**Exercise prompt**
Pictures stay out of the copy. Retype exactly, and only, the lines from the one containing "RS Coilovers 15+" through the end of the listing below.
===== Listed entries
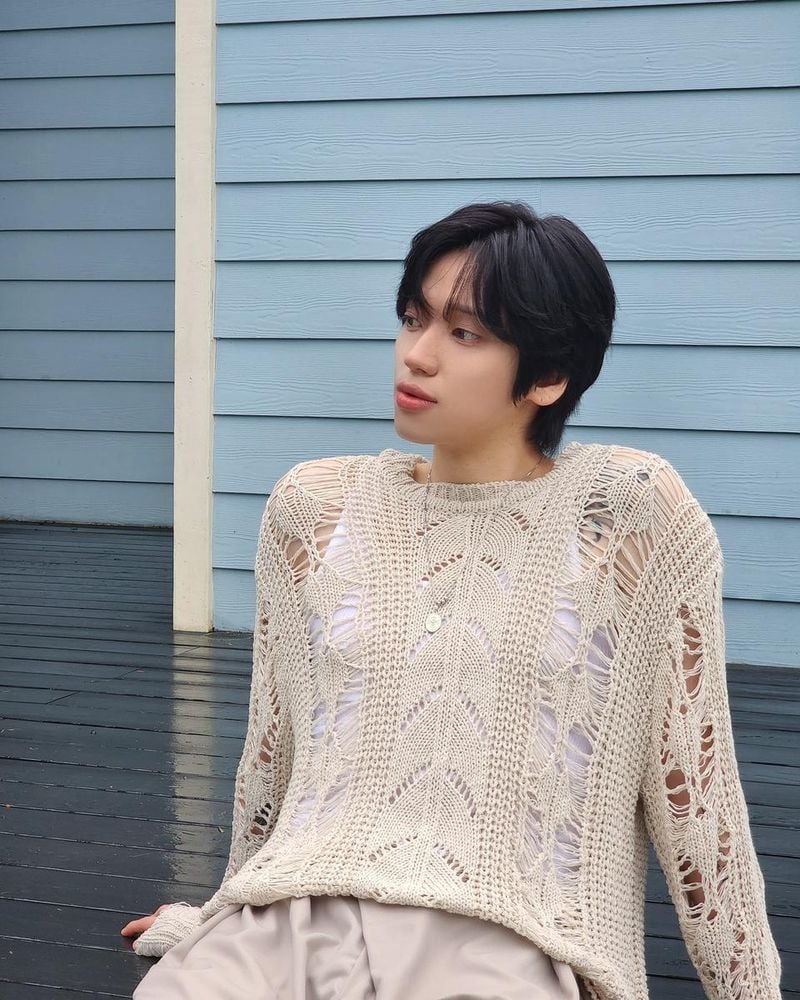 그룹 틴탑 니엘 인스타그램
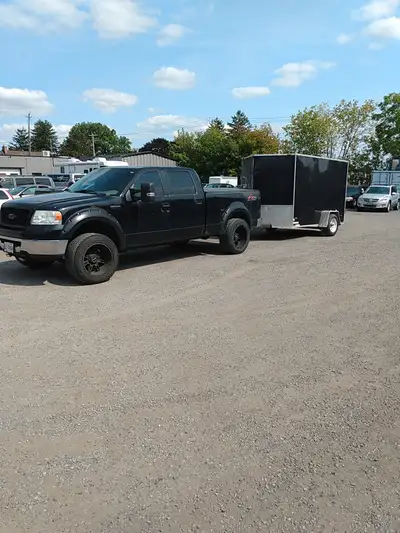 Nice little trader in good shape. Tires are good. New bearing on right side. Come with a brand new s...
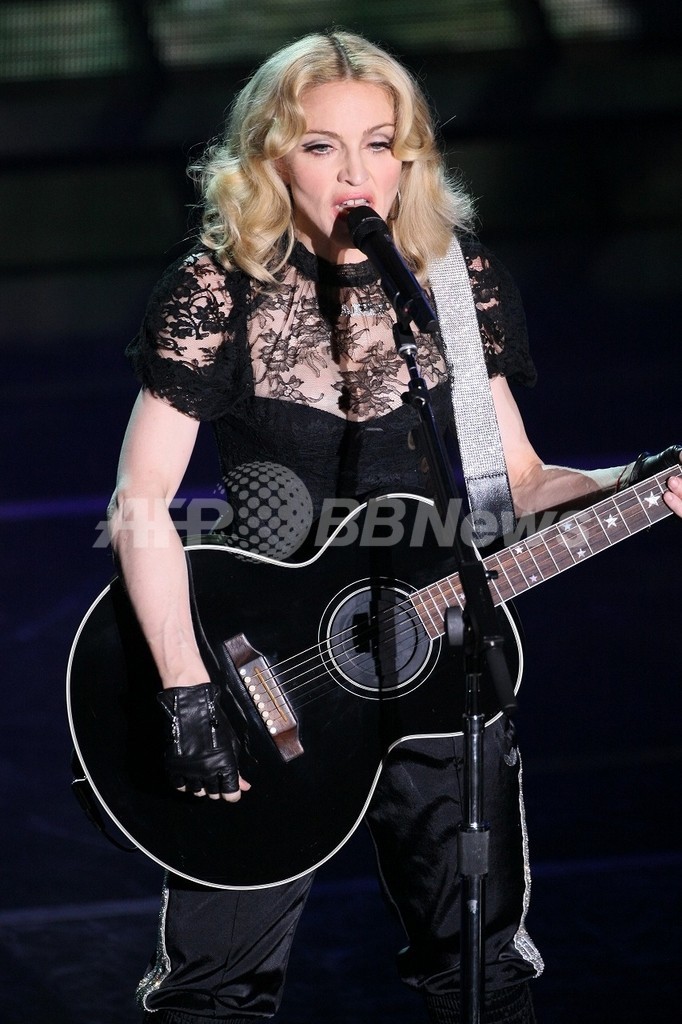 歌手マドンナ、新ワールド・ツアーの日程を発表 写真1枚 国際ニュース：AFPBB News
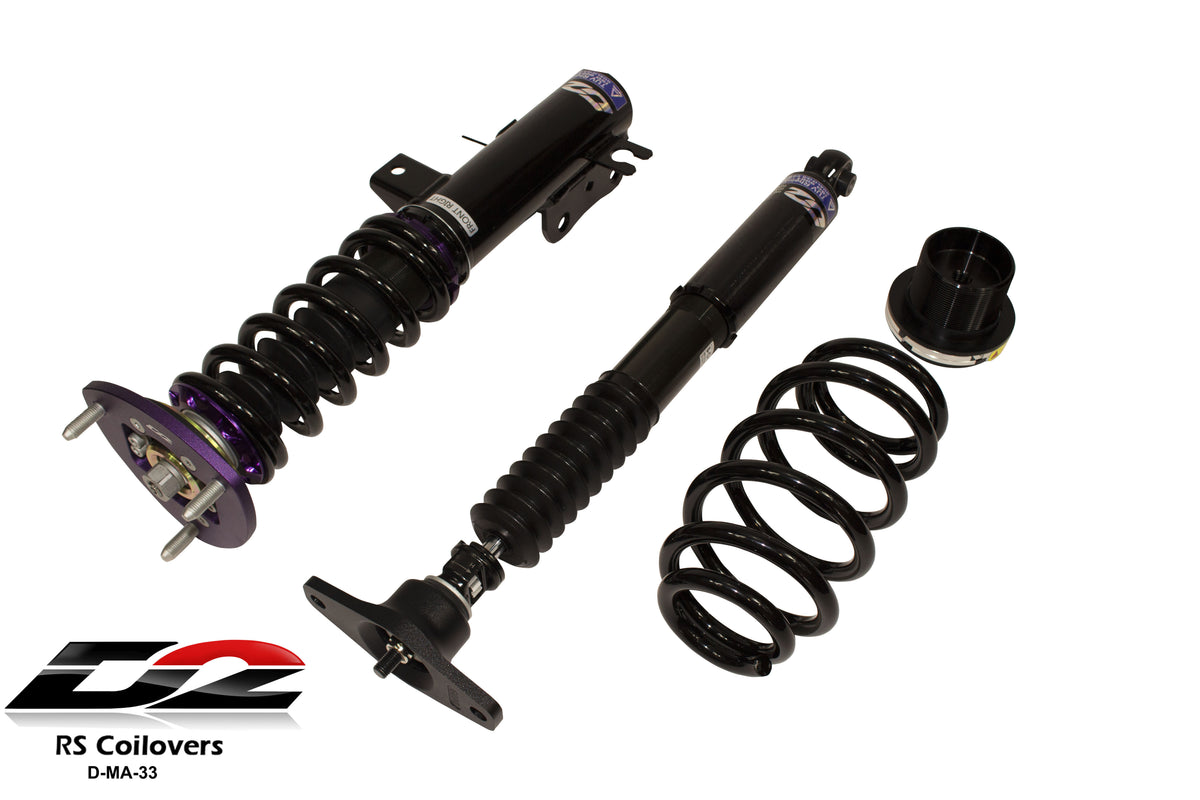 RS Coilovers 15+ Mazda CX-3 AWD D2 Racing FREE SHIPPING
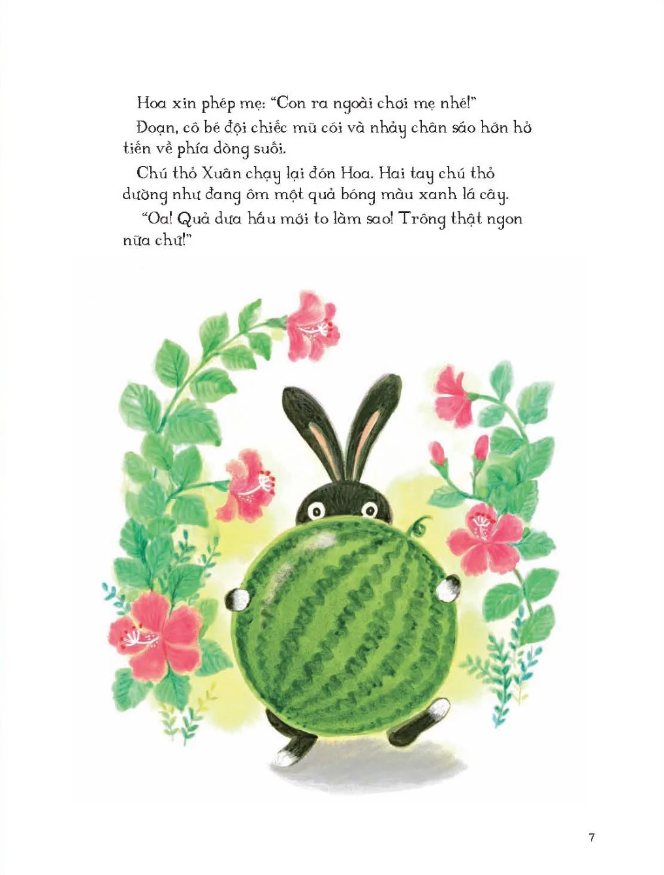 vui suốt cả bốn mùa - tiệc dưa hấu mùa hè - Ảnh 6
==========
**Problem solution**
 RS Coilovers 15+ Mazda CX-3 AWD D2 Racing FREE SHIPPING
 vui suốt cả bốn mùa - tiệc dưa hấu mùa hè - Ảnh 6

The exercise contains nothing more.